Además del calor del día, y a pesar de los caballos entrenados, durante la travesía debieron enfrentar el viento constante, que los obligaba a usar pañuelos para cubrirse la cara y, en su caso, una antiparra de esquí para evitar que el polvo entrara a los ojos. “Igual, por más que usabas todo, el viento te corta, te lastima, y el sol te hace doler. Terminabas con los ojos hinchados por la tierra, los labios agrietados, las manos rasposas y la cara como castigada, como si la montaña te golpeara todo el tiempo”.
Cada noche, cuenta Jimena, ellos mismos debían armar las carpas que les entregaron al inicio de la travesía. “Vos armás tu carpa y ves cómo los caballos se van por la montaña a comer”, relata. Mientras la mayor parte de ellos son liberados de sus monturas y frenos para que se desplacen libremente por el terreno, a otros pocos les sujetan las patas delanteras para evitar que se escapen.
La alimentación del grupo era simple y rústica. Había opciones vegetarianas para quienes las preferían, pero casi todos comían, cuenta, “chivitos que carneaban ahí mismo. Yo no fui a mirar cómo lo hacían, pero algunos sí”. Sin mesas ni sillas, dice Jimena, “comíamos en el piso o sentados en un tronco, pero no importaba porque estabas en otro mundo”, recuerda.
Eso fue lo que comieron el 31 de diciembre por la noche: chivito frito. “Brindamos por el Año Nuevo entre las montañas, a 2800 metros de alturas, con cero grados, con viento, sin luz, a la luz de las estrellas, comiendo chivito frito y mirando satélites que pasaban como pájaros”, cuenta.
Lo más impresionante, precisamente, fueron las noches estrelladas. “Nunca vi un cielo así, tan claro, tan único. La noche era silencio y ver estrellas. Sentí una paz que nunca experimenté”, afirma Jimena, describiendo aquella inmensidad.

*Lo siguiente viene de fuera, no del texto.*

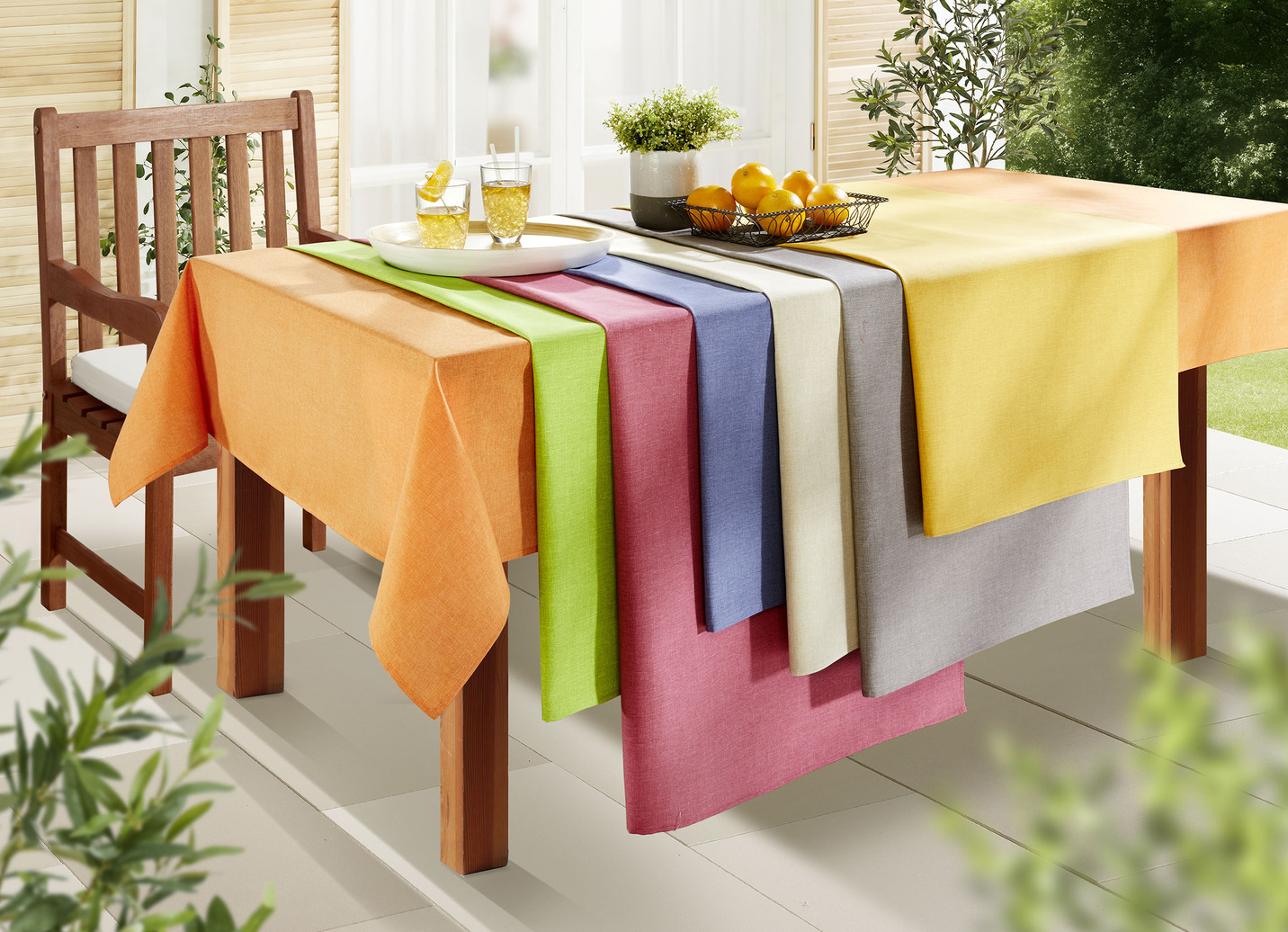 Tischdecke oder Sitzkissen für den Innen- und Außenbereich mit Fleckschutz-Ausrüstung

Pero no todo fue tan bucólico. Las cosas más cotidianas se volvieron complicadas. El baño y la higiene, por ejemplo, fueron parte de los retos de la montaña. “Todo entre las piedras, cada uno se iba a su rincón con mucha toallita húmeda”, explica Jimena. Y subraya que Facundo, en cambio, decidió bañarse los cuatro días bajo cataratas de agua helada. “Se metía con jabón, al lado de bloques de hielo. Yo ni loca”, admite entre carcajadas.
El trayecto del primer día, como para aclimatarse, fue desde la salida en un paraje llamado Las Loicas, desde donde hicieron 12 kilómetros hasta el Mallín, donde durmieron. La segunda jornada fue la más extensa. Cabalgaron 24 kilómetros por una subida llamada El Finado hasta el Rial Vilchez. El tercero alcanzaron una casa de piedra ubicada a 15 kilómetros. Ya el cuarto día, en el regreso, bajaron por el arroyo Las Mulas hasta el puesto Arroyo Álamos. Y la última jornada fue de 7 kilómetros hasta el punto de partida.

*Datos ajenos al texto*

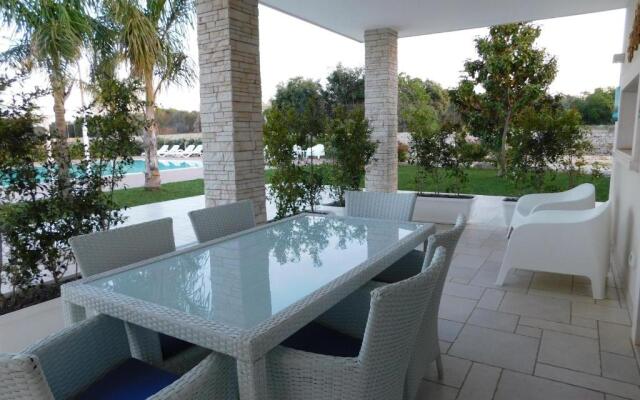 Villa Maria - Appartamenti in villa con piscina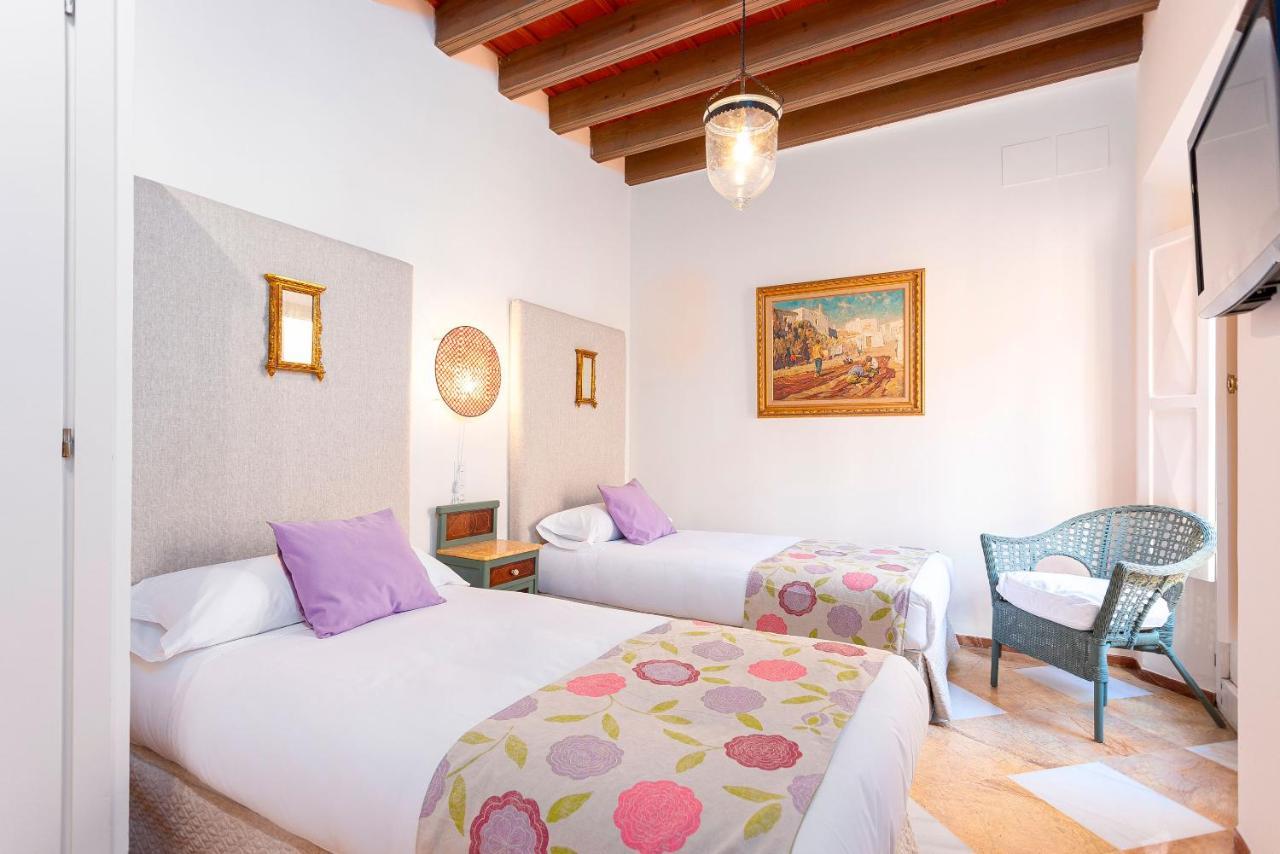 Genteel Home Campamento Sevilla Exterior foto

La experiencia, a la empresaria que debió regresar a Buenos Aires para continuar con su emprendimiento de trajes de baño, Xyrus, le dejó marcas físicas, pero también enseñanzas profundas y una conclusión: “Es una travesía para hacer una vez en la vida. Te ponés a prueba, aprendés a valorar lo esencial: desde una sombra, una ducha caliente, una cama”.